Announced last week, CSU signed a 10-year $5.2 million partnership with Coca-Cola Refreshments. The school wins big, with Coke contributing to scholarships, internships, athletics and more, to the tune of more than $500,000 annually. In exchange, Coke becomes the exclusive beverage provider at Colorado State University.
But it’s not a win-win scenario. The losers are state-funded higher education and the students themselves.
If you didn’t hear the news, that might be because it’s not newsworthy. For many readers, it’s routine to see corporate logos as ubiquitous on campus as bike racks, Greek letters and buildings named after dead people. But corporate sponsorship in public education is a relatively recent development.
Believe it or not, kids, there was a time when post-season contests named the FedEx Bowl, the Meineke Car Care Bowl or the Papajohns.com Bowl would launch Grandpa right off the davenport.
In 1993, a public school district in Colorado Springs became the first in the United States to place ads for Burger King in hallways and on school buses.

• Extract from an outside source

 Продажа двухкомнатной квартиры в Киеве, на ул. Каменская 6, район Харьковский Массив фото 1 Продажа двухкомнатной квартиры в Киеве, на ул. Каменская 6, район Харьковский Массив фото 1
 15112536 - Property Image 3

CSU rode the wave, striking a deal with Pepsi around the same time.
Here’s how the latest contract went down. A man of his times, the Coca-Cola representative was savvy enough to put out his cigar before entering the CSU conference room. After pleasantries, he leaned forward on his elbows and said, “You’ve got 23,000 students, each one drinking 40 gallons of soda on average each year. Now, how much cash do I have to spread on this table to make sure they’re drinking Coke?”

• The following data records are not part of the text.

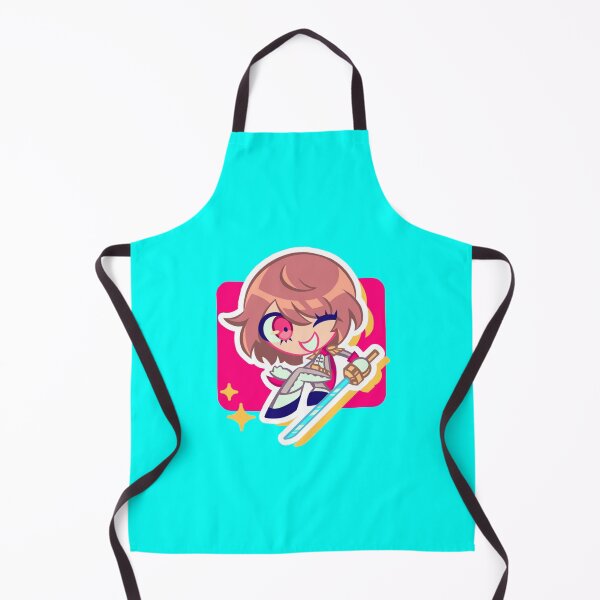 Item preview, Akechi Crow designed and sold by okicoma.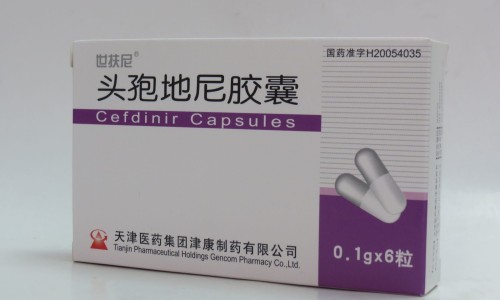 唑来膦酸钠的说明书-唑来膦酸钠说明书 诺华网-分享唑来膦酸注射说明书，唑来膦酸钠的作用与效果知识库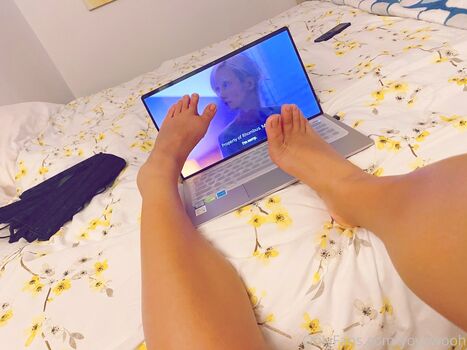 Full leaked Yoyowooh private onlyfans photo
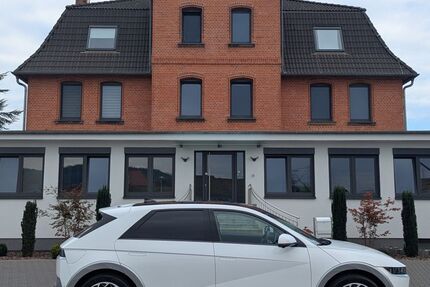 Hyundai IONIQ 5 51.238 km 31.950 € Rotenburg 36199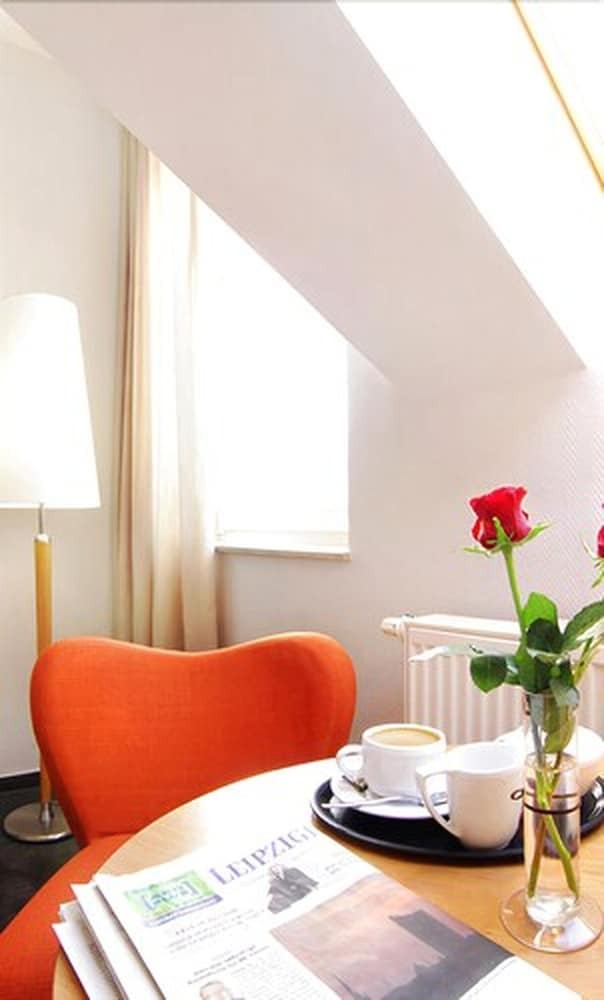 Hotel Hiemann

Okay, I’m making up the dialogue but not the statistics, and not the motivations. Coke wants money for soda.
Of course, the spin around the deal was far bubblier. “Our partnership is a great source of pride for the Coca-Cola team,” said Coke’s senior VP of regional sales. “We look forward to refreshing and delighting the students and faculty.” It makes me tingle all over to know how hard that company will work to sweeten our lives.
The CSU people who pulled together this deal deserve credit for their creativity in tough times, when state funding of higher education is abysmal. This points us to the true culprit behind the commercialization of campus: the TABOR-fueled anti-tax mentality that fails to recognize not all taxes are alike. Taxes in support of higher education fund our futures. They enrich our society, create a skilled workforce and help us compete successfully with other states for industries and jobs.
We still might be a ways from the Fritos Frosh, Sierra Mist Sophomore Class or Hormel Homecoming Weekend, but sometimes, I wonder.
Big business is the American way, and we reap a rich harvest. Still, how sad we can’t seem to draw a line when it comes to education. Our schools should be oases of free expression and free thought, with no influence from well-funded enterprises driven by the profit objective. Our research institutions, like CSU, should be free to explore learning opportunities without concern for potentially disapproving commercial interests.
I also confess that my hopes are colored by nostalgia. Unless they move to Borneo after being handed their college sheepskin, my kids will live their lives bombarded by hundreds of commercial messages every day. Can’t we cut them some slack during these brief and wonderful years of enlightenment?